_Collected material_
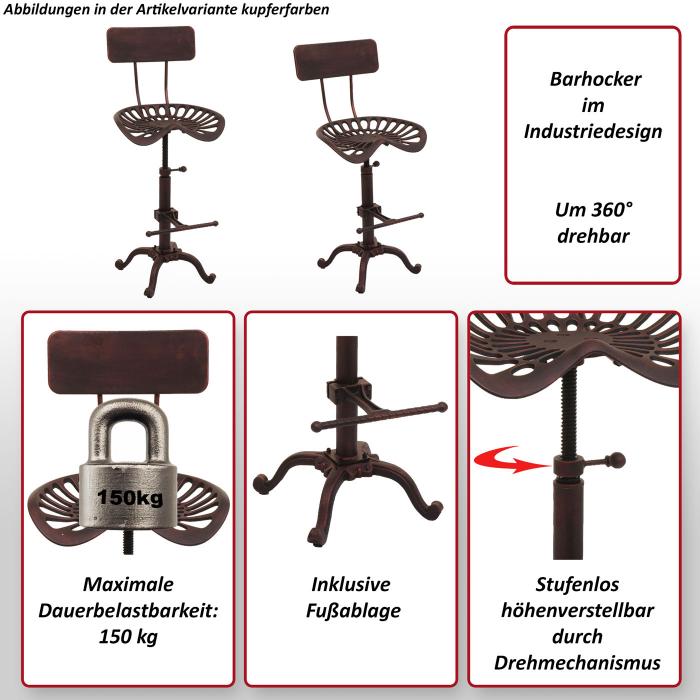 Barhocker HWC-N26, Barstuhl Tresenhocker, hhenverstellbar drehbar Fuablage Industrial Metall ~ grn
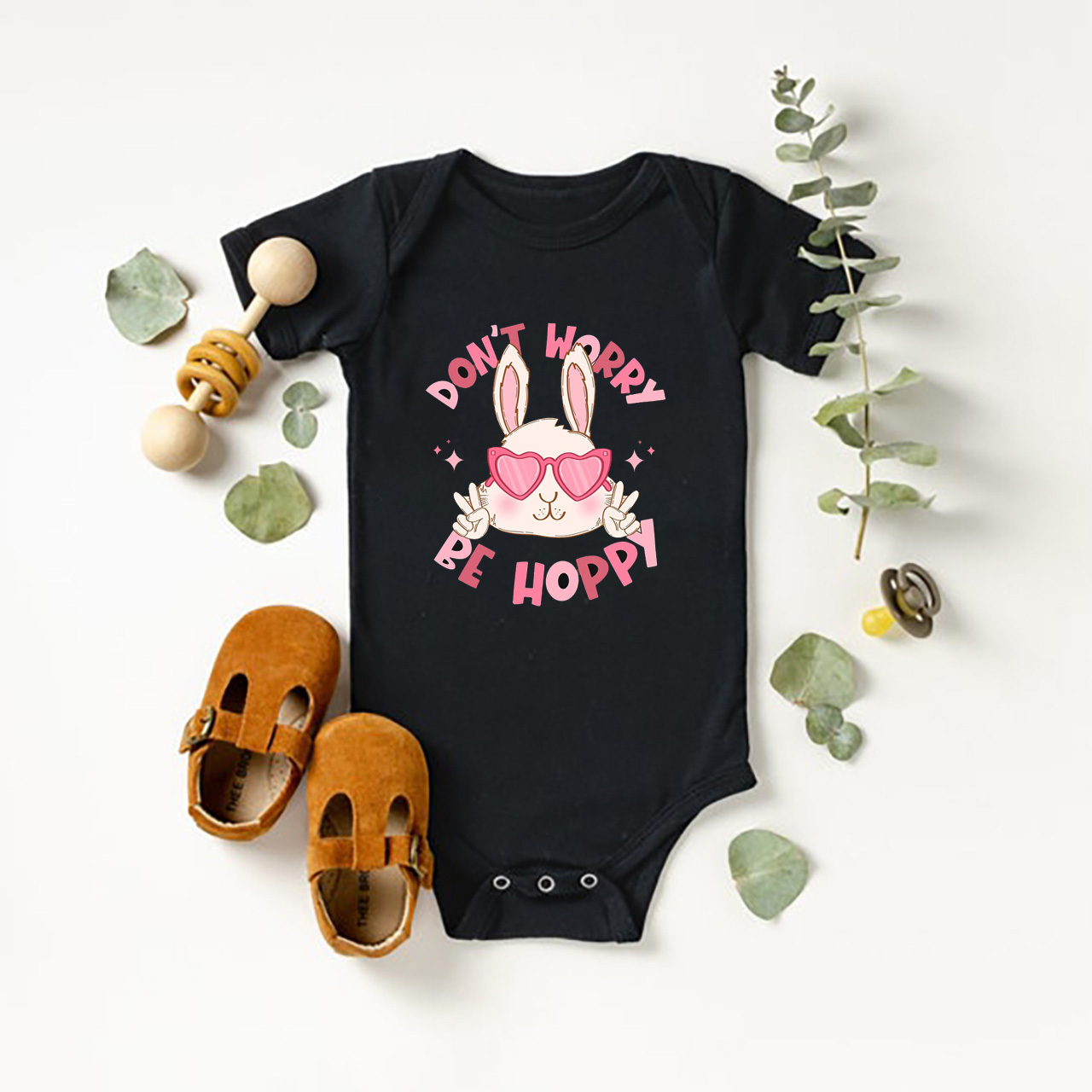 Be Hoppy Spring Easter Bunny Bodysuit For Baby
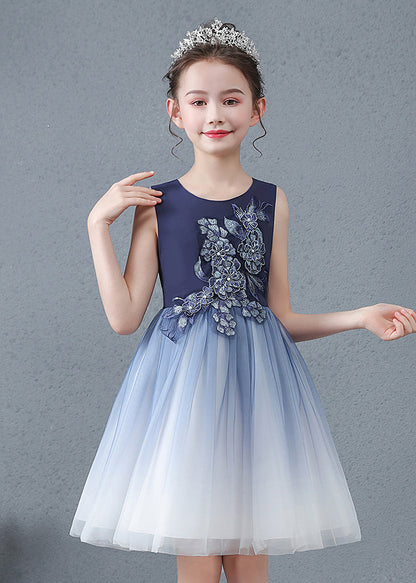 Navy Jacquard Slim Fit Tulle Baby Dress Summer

_What you are asked to do_
Your task is to retype the listing exactly, without its pictures.

_Answer box_
 Barhocker HWC-N26, Barstuhl Tresenhocker, hhenverstellbar drehbar Fuablage Industrial Metall ~ grn
 Be Hoppy Spring Easter Bunny Bodysuit For Baby
 Navy Jacquard Slim Fit Tulle Baby Dress Summer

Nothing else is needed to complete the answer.